John Rice Irwin, founder-director of the Museum of Appalachia in Norris, Tenn., and a friend of Haley's since 1982, recalled one time during a lunch in New York with several celebrities when the author disappeared.

"Someone looked back in the kitchen and he was signing autographs for all the cooks," he said. "He spent more time doing things and talking with common people . . . the people at the gas pumps. He wasn't impressed with celebrities."

INSPIRED EARLY ON BY RELATIVES

Haley was born in Ithaca, N.Y., and grew up in the west Tennessee town of Henning. He said he was inspired to become a writer by the storytelling of his older relatives.

His grandmother's and great-aunts' storytelling led Haley to devote 12 years meticulously tracing his mother's side of the family back six generations. His warm-hearted and rich descriptions of his ancestors' lives set off a wave of interest in genealogy.

Haley enlisted in the Coast Guard in 1939 as mess boy and served for 20 years in the military before starting a magazine-writing career.

His first book, "The Autobiography of Malcolm X," sprang out of a series of interviews Haley conducted with the civil-rights leader.

After "Roots" transformed him into a sought-after celebrity, Haley did much of his writing aboard cargo ships, booking passage four times a year to escape ringing telephones and speaking invitations.

Haley said in a 1988 interview that he was able to become a writer because his father pulled himself up by the bootstraps and left sharecropping behind.

"I was a sailor, I was a cook and this and that, and it might be said I was bootstrapped up to being a writer, but the real bootstrapping was that which preceded me," he said.

`SWAMPED' BY DEMANDS AFTER `ROOTS'

Haley's first book after "Roots" did not come for 12 years. It was a novella, "A Different Kind of Christmas," that told the tale of Fletcher Randall, a wealthy Southern plantation owner who undergoes a moral conversion and joins the Underground Railroad to help free a group of slaves.

In an interview in 1988 about the Christmas book, Haley told Seattle Times book editor Donn Fry about the intervening dozen years:

"If you're blessed to do something like `Roots'. . . you find yourself immersed. You're asked to do this, to do that - all for admirable causes. But you're just swamped."

Haley said that in 1978 alone, he received 2,065 requests to address various groups.

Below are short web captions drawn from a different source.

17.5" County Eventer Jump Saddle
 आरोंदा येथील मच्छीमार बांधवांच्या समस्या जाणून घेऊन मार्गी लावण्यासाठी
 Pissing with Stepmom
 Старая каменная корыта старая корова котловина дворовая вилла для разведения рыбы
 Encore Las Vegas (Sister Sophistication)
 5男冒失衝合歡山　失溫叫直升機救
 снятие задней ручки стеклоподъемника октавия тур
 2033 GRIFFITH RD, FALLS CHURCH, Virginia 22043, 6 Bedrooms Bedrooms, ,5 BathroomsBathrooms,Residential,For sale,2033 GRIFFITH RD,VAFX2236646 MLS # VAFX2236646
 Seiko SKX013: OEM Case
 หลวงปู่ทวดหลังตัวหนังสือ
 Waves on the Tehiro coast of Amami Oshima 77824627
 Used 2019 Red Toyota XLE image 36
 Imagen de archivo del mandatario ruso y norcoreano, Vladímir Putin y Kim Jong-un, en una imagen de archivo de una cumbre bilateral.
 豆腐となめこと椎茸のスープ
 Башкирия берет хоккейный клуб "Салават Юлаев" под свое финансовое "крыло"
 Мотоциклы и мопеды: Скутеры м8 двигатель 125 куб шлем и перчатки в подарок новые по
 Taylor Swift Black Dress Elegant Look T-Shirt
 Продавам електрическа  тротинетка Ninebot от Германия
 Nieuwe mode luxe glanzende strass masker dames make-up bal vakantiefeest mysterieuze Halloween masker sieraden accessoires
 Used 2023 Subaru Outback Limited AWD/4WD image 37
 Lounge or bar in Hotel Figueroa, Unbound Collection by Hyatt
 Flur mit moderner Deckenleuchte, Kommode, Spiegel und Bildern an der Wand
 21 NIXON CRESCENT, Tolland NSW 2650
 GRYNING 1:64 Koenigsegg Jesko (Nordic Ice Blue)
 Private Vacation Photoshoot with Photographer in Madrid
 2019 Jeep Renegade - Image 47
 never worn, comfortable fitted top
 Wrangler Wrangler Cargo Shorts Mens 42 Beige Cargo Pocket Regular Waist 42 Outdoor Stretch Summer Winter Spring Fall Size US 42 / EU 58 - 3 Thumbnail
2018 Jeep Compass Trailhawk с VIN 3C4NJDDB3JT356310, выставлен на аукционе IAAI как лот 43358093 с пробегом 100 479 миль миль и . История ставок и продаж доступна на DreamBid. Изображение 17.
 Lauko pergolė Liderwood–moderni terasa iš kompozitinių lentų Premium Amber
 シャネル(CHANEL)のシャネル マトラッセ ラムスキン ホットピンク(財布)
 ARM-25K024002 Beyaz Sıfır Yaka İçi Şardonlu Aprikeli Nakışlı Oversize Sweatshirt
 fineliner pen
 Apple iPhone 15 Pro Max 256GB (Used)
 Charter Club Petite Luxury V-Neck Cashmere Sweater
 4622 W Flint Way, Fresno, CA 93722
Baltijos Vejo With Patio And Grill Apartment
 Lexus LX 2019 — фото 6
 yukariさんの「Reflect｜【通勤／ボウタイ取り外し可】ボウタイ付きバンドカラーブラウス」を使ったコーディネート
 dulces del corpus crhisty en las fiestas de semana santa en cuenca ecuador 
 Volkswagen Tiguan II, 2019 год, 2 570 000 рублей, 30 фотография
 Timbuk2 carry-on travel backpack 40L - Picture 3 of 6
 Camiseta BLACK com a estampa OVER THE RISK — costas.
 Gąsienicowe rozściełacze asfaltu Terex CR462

"The biggest negative is that it's so hard to write - and that's what I am: a writer," he said.

Last month, Haley announced he was giving up life on his Tennessee farm to devote more time to writing. He had put the 127-acre farm in Norris, about 20 miles north of Knoxville, up for sale.

Haley recently took a sea voyage to finish a book about the town of Henning. He also had talked about doing one on C.J. Walker, the first black woman in America to earn $1 million.